Richly textured with memories from her own childhood and married life with her husband, John Gregory Dunne, and daughter, Quintana Roo, this new book by Joan Didion is an intensely personal and moving account of her thoughts, fears, and doubts regarding having children, illness and growing old.

Blue Nights By Joan Didion

As she reflects on her daughter’s life and on her role as a parent, Didion grapples with the candid questions that all parents face, and contemplates her age, something she finds hard to acknowledge, much less accept. Blue Nights—the long, light evening hours that signal the summer solstice, “the opposite of the dying of the brightness, but also its warning”—like The Year of Magical Thinking before it, is an iconic book of incisive and electric honesty, haunting and profound.
'Incantory.... A beautiful condolance note to humanity about some of the painful realities of the human condition.' —The Washington Post

Joan Didion Family

Didion

Stop all the clocks, cut off the telephone,
Prevent the dog from barking with a juicy bone,
Silence the pianos and with muffled drum
Bring out the coffin, let the mourners come.
W.H. Auden, “Funeral Blues”

Blue Nights by Joan Didion is a book of memories. In 2003, Joan Didion’s daughter went into the hospital with pneumonia, eventually slipping into a coma. While her daughter was unconscious, Didion’s husband died. Within a year, Quintana had died, also.

Blue Nights Joan Didion Amazon

The story of that year is the now very familiar book to Didion readers, The Year of Magical Thinking. A bestseller, the book rawly explored the time during which Didion lost everyone. She followed its publication with an extensive and grueling touring schedule and worked with Vanessa Redgrave to turn it into a one-woman show on Broadway (which was mounted here in Kansas City by The Living Room).

But such overwhelming grief does not simply dissipate. Didion writes Blue Nights as a follow-up, a continuation, of the story. She writes it as a way to express loss, the kind of loss that one feels in the absence of blue nights.

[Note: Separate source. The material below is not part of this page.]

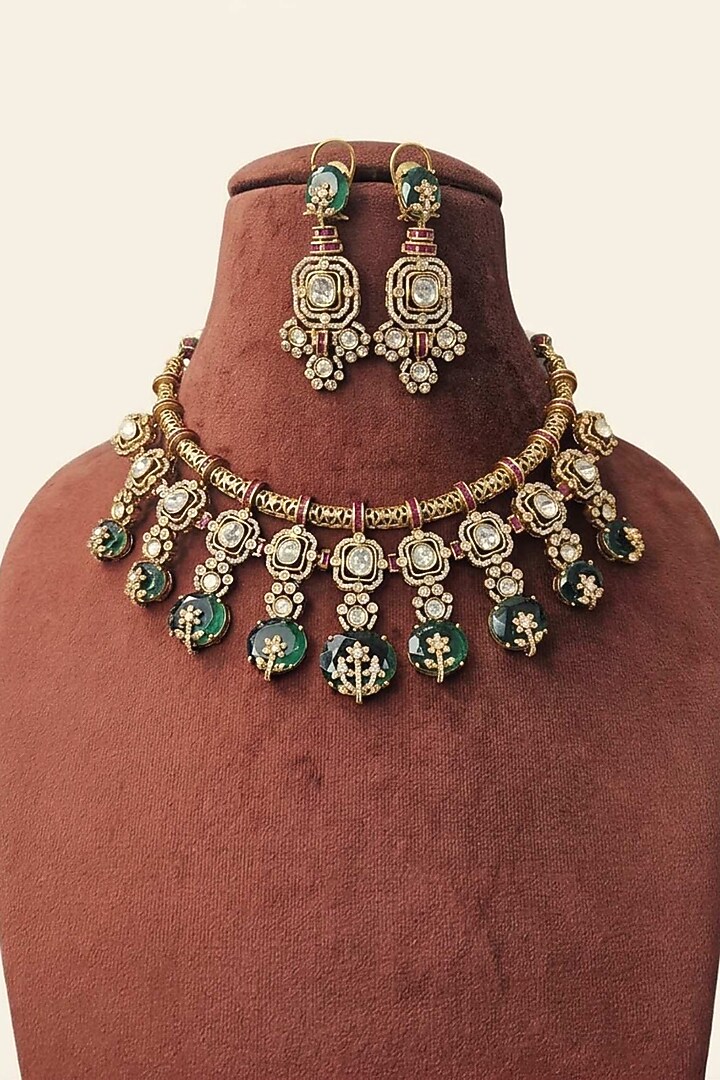 Gold Finish Moissanite & Emerald Green Doublet Stone Necklace Set by JewelTreeTz at Pernia's Pop Up Shop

Blue nights, she writes in the outset, are where “the twilights turns long and blue,” that time of year around the weeks before and after the Summer Solstice where the light never seems to fully die:

Buy blue nights joan didion

During the blue nights you think the end of day will never come. As the blue nights draw to a close (and they will, and they do) you experience an actual chill, an apprehension of illness . . . This book is called “Blue Nights” because at the time I began it I found my mind turning increasingly to illness, to the end of promise, the dwindling of days, the inevitability of the fading, the dying of the brightness. Blue nights are the opposite of the dying of the brightness, but they are also its warning.

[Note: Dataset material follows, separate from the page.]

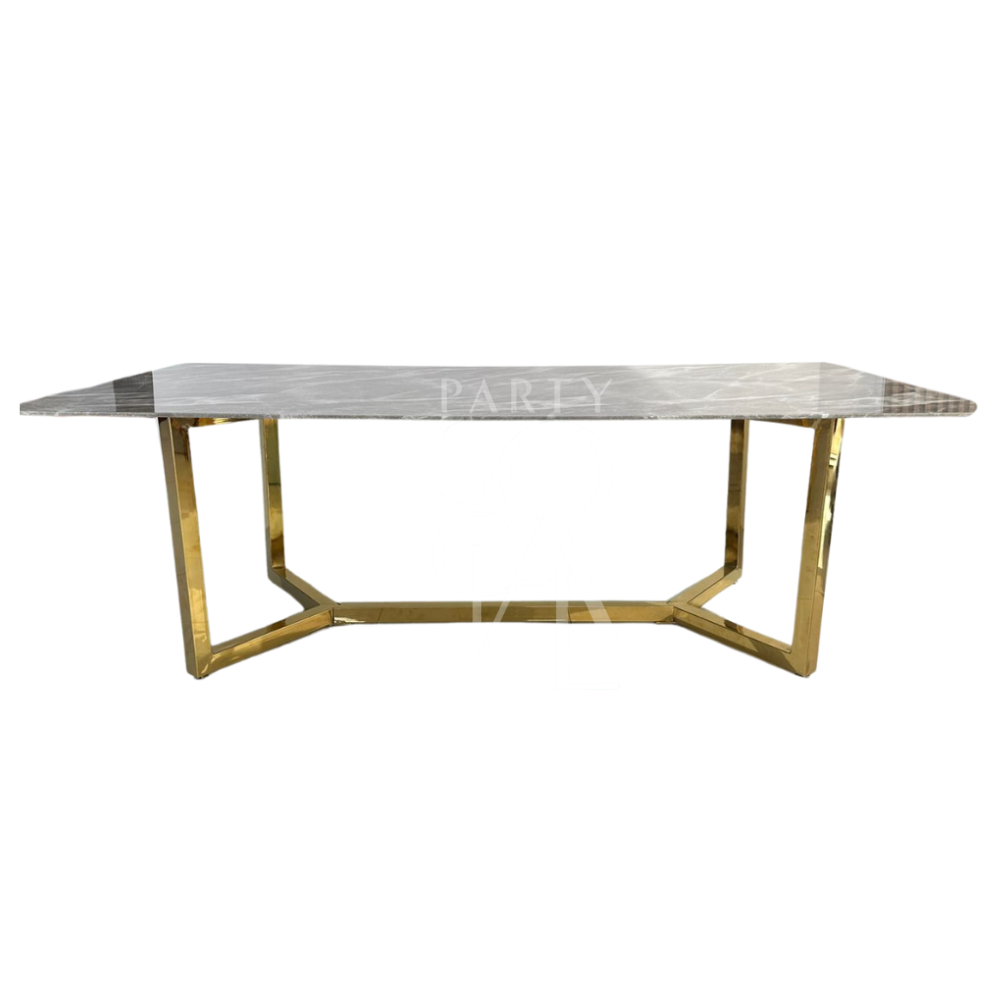 GOLD BASE WITH GREY MARBLE TOP table, featuring a marble surface and gold legs, suitable for corporate events and home functions, offered by Party Social.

Joan Didion Daughter Quintana

There is something mystical about the dying of the light at this autumnal time of year that stirs the mind and gives easy entry to Didion’s melancholy.

As the earth slips into its seasonal slumber, one’s thoughts track to the cycles of our own lives, the way we surge and ebb and then flow into quietude. Our thoughts pulse through our beings when action falls away, and Didion’s prose embodies that. Blue Nights is the story of a mind wrestling with loss, devastation, age, debility, and the powerfully oppressive need to continue to live.

While The Year of Magical Thinking contends with how to recapture the time before everything changed, Blue Nights is the recognition that these things have passed beyond recovery.

Didion delves deeply into Quintana’s life to try and identify the point at which the loss of Quintana began. Even though she died of a seemingly happenstance illness, Didion writes as one tortured by the thought that she was the executioner and she writes as one befuddled as now being the remnant.

Blue Nights is an elegant treatise on grief and the difficulty of sustaining our lives, of sustaining our momentum forward, after the mourners have gone and the casseroles have all been eaten.

Quintana didion death

About the Author

Melissa Carle is a Support Specialist with the KC-LSP and thinks life is too short to read a book that doesn't excite you in the first 40 pages. She likes cooking, herb gardening, and, of course, reading and thinks all good books, fiction and non-fiction alike, share one thing in common: they're just a good yarn.